%%
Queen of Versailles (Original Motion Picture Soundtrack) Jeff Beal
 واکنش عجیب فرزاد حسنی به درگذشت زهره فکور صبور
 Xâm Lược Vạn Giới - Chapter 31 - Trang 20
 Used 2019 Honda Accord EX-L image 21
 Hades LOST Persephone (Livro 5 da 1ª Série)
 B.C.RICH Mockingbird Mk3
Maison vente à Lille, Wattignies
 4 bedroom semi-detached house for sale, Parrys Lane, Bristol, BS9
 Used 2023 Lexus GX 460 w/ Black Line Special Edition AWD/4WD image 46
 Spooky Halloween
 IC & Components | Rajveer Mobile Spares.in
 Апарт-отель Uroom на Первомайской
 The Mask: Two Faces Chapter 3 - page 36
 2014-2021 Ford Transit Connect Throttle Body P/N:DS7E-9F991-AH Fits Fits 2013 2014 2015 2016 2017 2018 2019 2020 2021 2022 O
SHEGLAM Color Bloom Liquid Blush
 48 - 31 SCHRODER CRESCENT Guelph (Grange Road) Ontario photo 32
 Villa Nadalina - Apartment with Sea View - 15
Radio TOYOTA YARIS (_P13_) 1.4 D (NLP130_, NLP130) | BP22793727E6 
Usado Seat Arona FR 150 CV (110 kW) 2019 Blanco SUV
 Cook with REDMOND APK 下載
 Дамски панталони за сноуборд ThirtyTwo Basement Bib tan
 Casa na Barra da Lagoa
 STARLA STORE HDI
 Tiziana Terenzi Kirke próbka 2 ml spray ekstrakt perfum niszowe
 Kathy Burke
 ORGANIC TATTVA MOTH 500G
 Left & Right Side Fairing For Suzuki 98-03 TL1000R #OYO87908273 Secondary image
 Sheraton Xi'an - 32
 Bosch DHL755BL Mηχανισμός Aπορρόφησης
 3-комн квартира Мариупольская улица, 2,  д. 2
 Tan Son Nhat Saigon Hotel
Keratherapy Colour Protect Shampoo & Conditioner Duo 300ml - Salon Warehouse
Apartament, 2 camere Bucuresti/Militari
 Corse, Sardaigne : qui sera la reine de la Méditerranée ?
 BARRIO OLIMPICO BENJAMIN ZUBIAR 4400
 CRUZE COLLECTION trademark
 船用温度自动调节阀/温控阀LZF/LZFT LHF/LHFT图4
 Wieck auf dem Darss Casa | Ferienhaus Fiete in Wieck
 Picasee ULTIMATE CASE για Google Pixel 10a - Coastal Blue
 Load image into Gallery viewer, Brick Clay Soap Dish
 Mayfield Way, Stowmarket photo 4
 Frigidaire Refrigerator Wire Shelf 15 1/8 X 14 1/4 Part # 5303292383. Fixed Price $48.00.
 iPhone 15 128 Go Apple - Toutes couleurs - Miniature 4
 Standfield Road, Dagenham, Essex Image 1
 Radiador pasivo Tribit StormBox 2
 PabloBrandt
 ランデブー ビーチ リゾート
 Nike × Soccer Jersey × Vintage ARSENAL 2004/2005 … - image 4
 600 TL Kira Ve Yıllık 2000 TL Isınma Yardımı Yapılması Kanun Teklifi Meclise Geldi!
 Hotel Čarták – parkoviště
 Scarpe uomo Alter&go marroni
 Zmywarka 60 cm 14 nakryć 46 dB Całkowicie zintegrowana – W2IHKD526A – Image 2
%%
◆ EXERCISE REQUIREMENTS ◆
I'd like the lines above from the one with "SHEGLAM Color Bloom Liquid Blush" up to and including the one with "Cook with REDMOND APK 下載" copied exactly, with no other lines.

◆ REPLY TO THE EXERCISE ◆
SHEGLAM Color Bloom Liquid Blush
 48 - 31 SCHRODER CRESCENT Guelph (Grange Road) Ontario photo 32
 Villa Nadalina - Apartment with Sea View - 15
Radio TOYOTA YARIS (_P13_) 1.4 D (NLP130_, NLP130) | BP22793727E6 
Usado Seat Arona FR 150 CV (110 kW) 2019 Blanco SUV
 Cook with REDMOND APK 下載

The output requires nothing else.